EXERCISE DETAILS: Skip the pictures. Give all the data again exactly.

DATA BELOW:
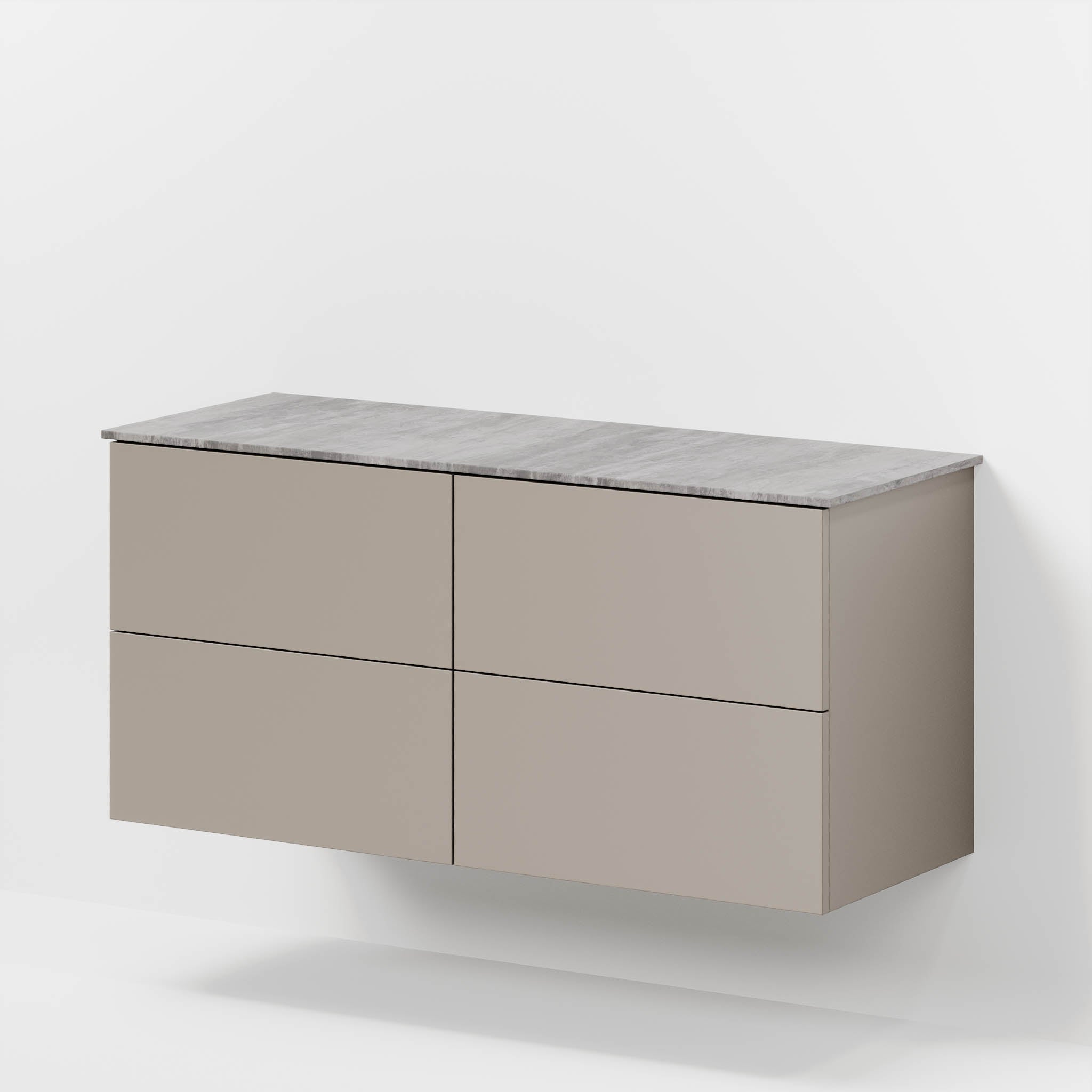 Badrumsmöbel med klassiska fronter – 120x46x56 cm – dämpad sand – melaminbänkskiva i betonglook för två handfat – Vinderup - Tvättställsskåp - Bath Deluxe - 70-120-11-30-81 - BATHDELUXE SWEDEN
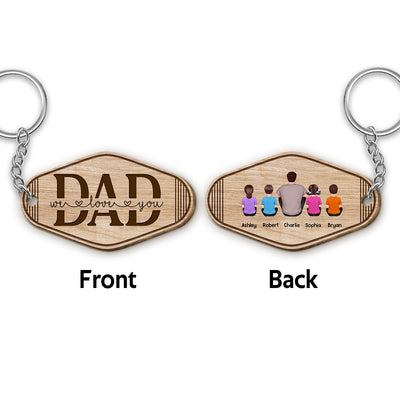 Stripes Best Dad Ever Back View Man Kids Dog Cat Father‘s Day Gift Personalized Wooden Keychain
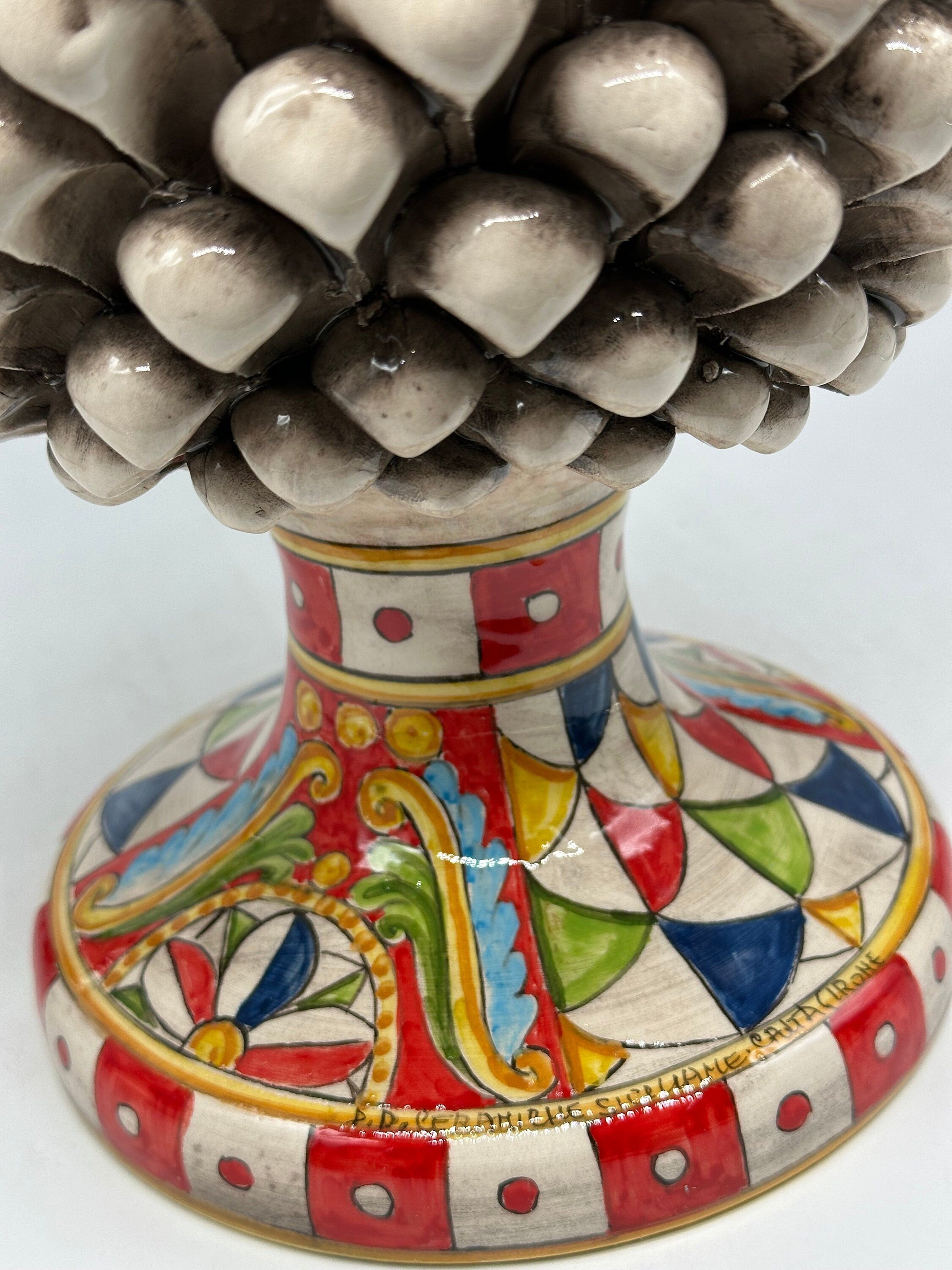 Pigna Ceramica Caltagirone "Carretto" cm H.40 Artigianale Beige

SOLUTION:
 Badrumsmöbel med klassiska fronter – 120x46x56 cm – dämpad sand – melaminbänkskiva i betonglook för två handfat – Vinderup - Tvättställsskåp - Bath Deluxe - 70-120-11-30-81 - BATHDELUXE SWEDEN
 Stripes Best Dad Ever Back View Man Kids Dog Cat Father‘s Day Gift Personalized Wooden Keychain
 Pigna Ceramica Caltagirone "Carretto" cm H.40 Artigianale Beige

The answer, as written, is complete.